[GIVEN RECORDS Boundary: Start]

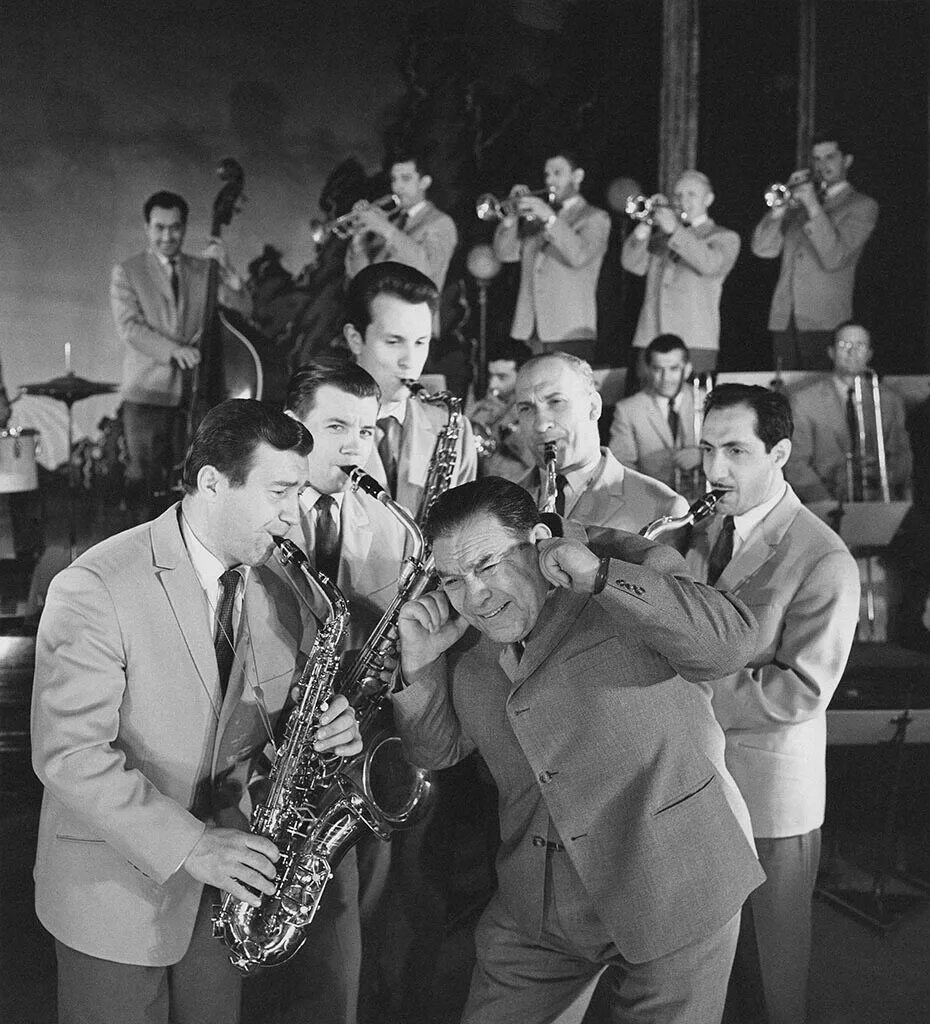 джаз ленинград. утесов оркестр. утесов оркестр. утесов оркестр. утесов с оркестром.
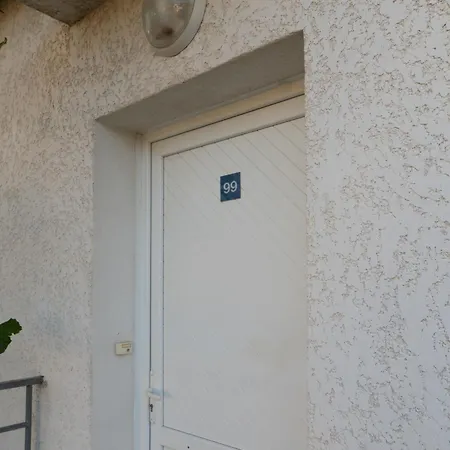 Poggio Mezzana Апартаменты *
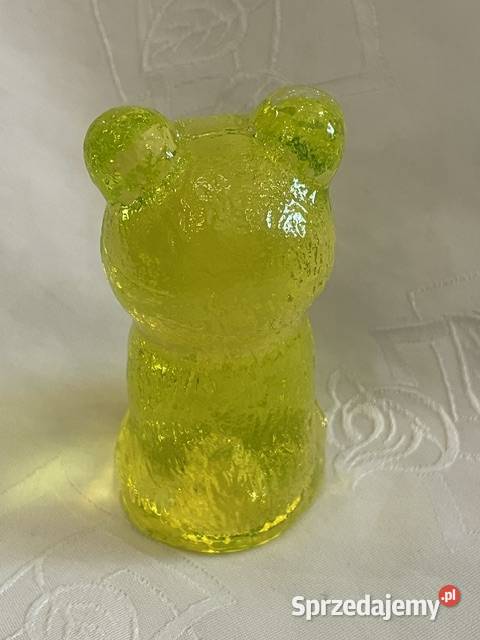 Figurka niedźwiadka ze szkła uranowego Kraków
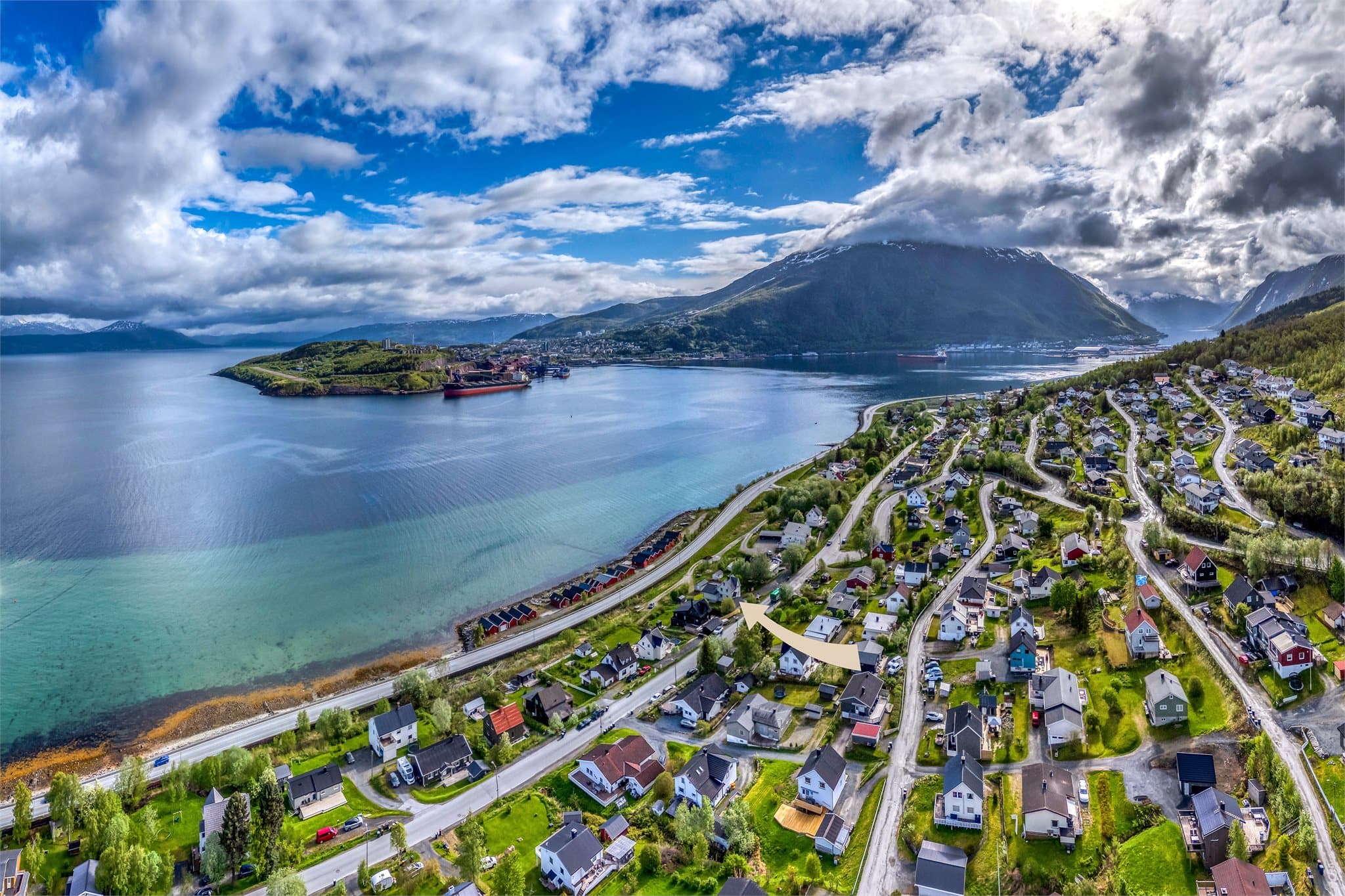 Beliggenhet med umiddelbar nærhet til sjøen.
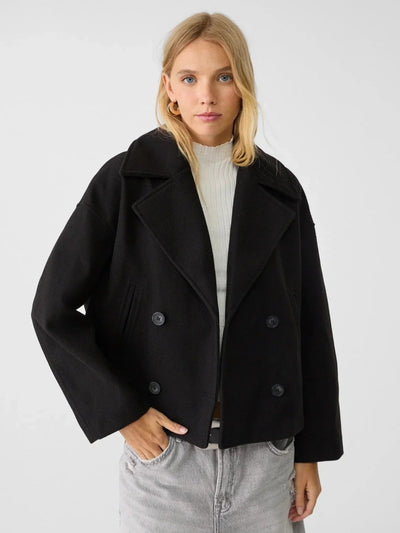 Modny Krótki Oversize Kardigan – Guziki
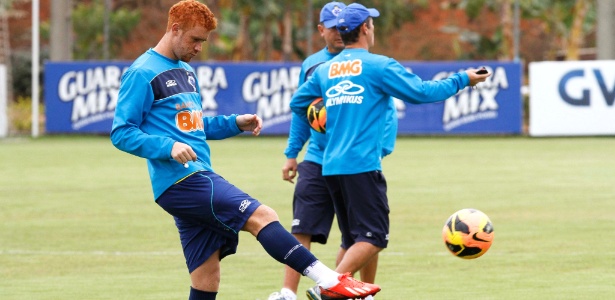 Souza (chutando a bola) é chamado de Salmão por companheiros de Cruzeiro - Washington Alves/Vipcomm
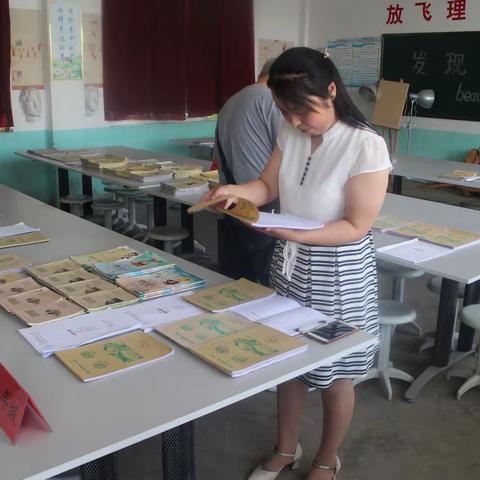 延陵小学迎接乡中心校常规检查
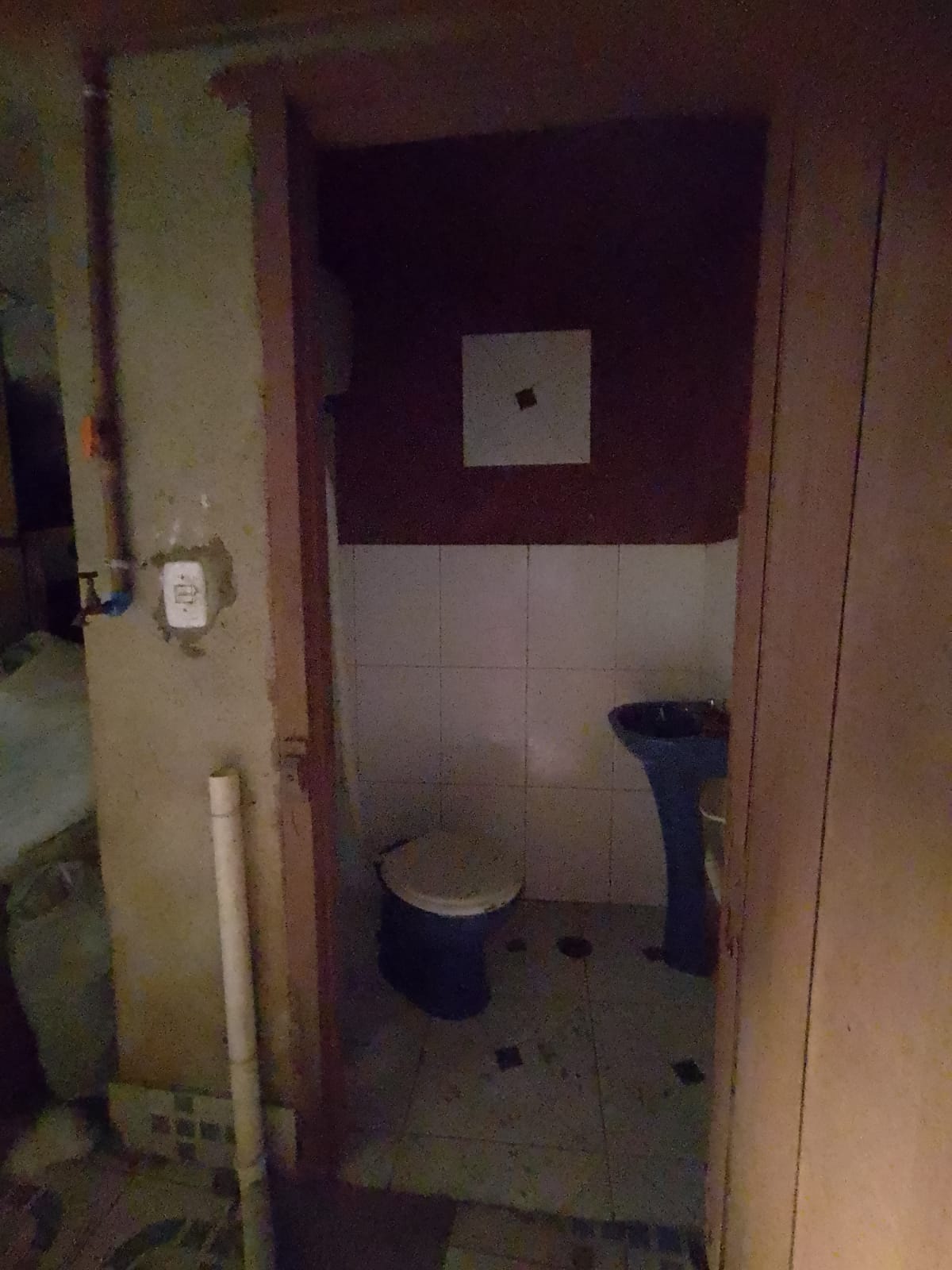 Casa para renda com salão comercial(125m²) 02 casas, 01 vaga/R$400mil/Munhoz Jr/Osasco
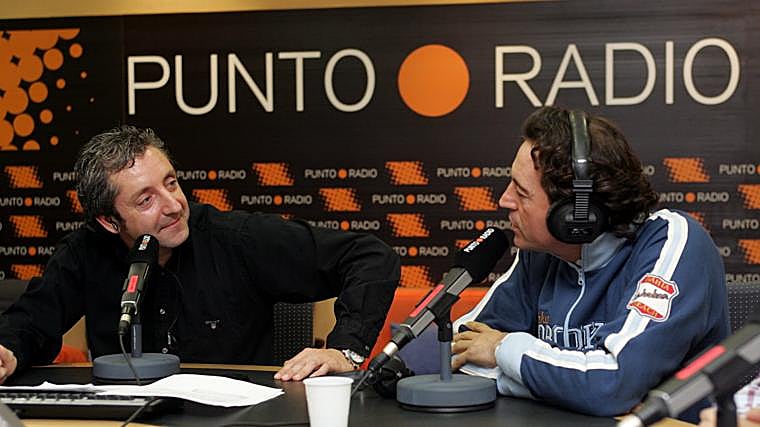 Josep Pedrerol y 'Pipi' Estrada en 'El Mirador', de Punto Radio, en 2006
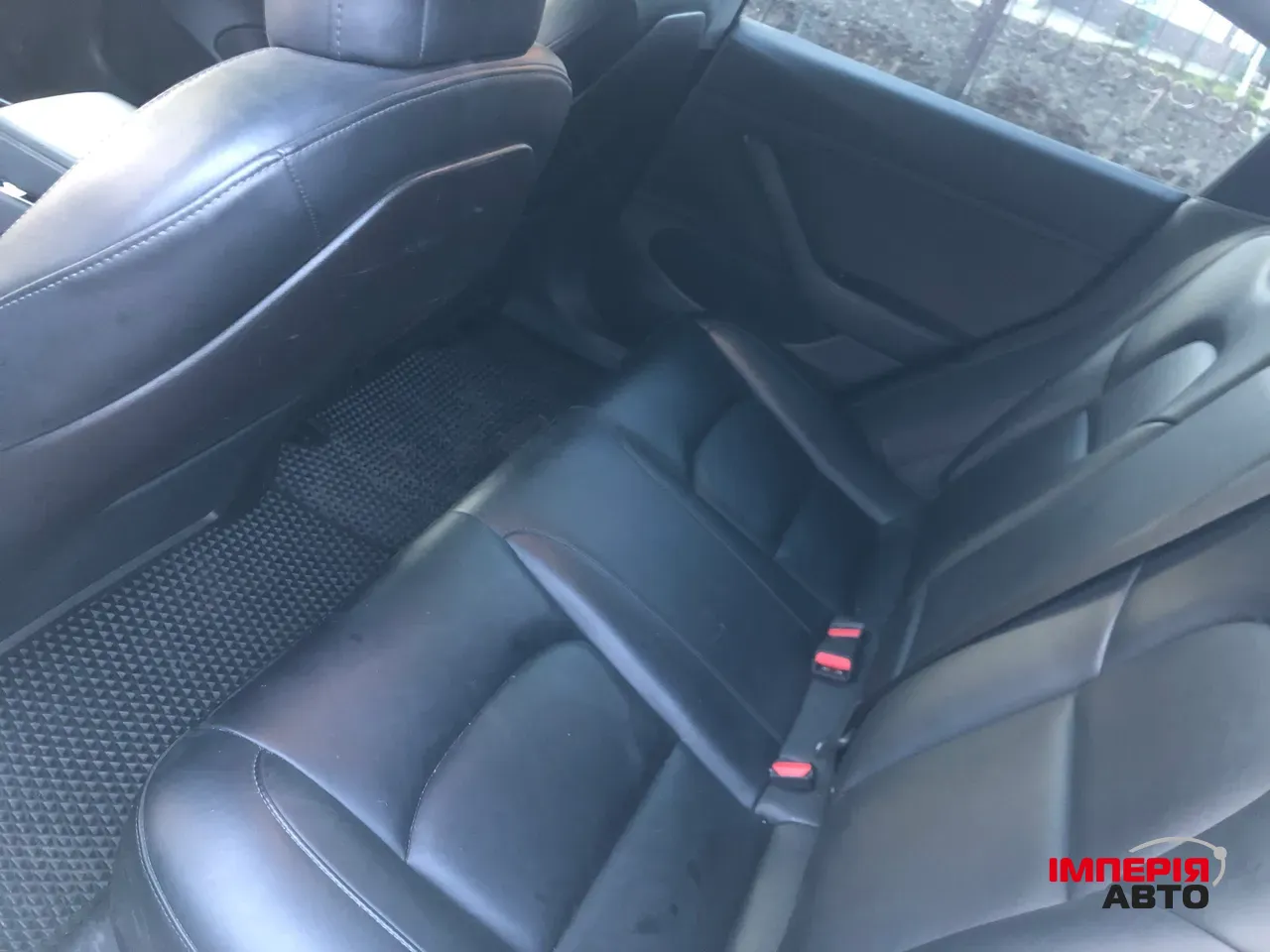 Tesla Model 3 - фото 10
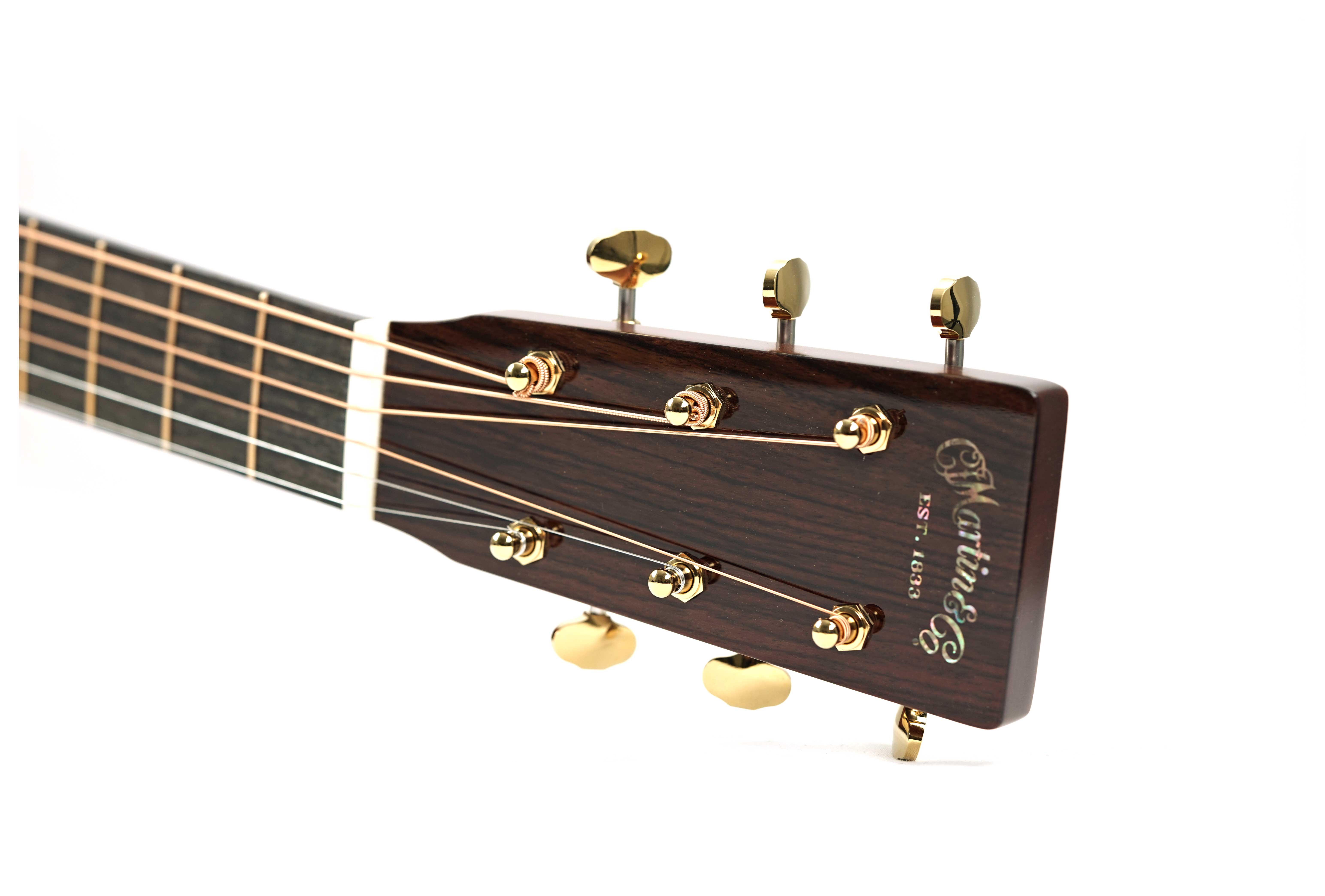 GUITARGUITAR Martin D-18 Modern Deluxe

[GIVEN RECORDS Boundary: End]

• _ABOUT THIS TASK_
Repeat everything in the records above exactly; pictures are not part of the copy.

• _OUTPUT BELOW_
 джаз ленинград. утесов оркестр. утесов оркестр. утесов оркестр. утесов с оркестром.
 Poggio Mezzana Апартаменты *
 Figurka niedźwiadka ze szkła uranowego Kraków
 Beliggenhet med umiddelbar nærhet til sjøen.
 Modny Krótki Oversize Kardigan – Guziki
 Souza (chutando a bola) é chamado de Salmão por companheiros de Cruzeiro - Washington Alves/Vipcomm
 延陵小学迎接乡中心校常规检查
 Casa para renda com salão comercial(125m²) 02 casas, 01 vaga/R$400mil/Munhoz Jr/Osasco
 Josep Pedrerol y 'Pipi' Estrada en 'El Mirador', de Punto Radio, en 2006
 Tesla Model 3 - фото 10
 GUITARGUITAR Martin D-18 Modern Deluxe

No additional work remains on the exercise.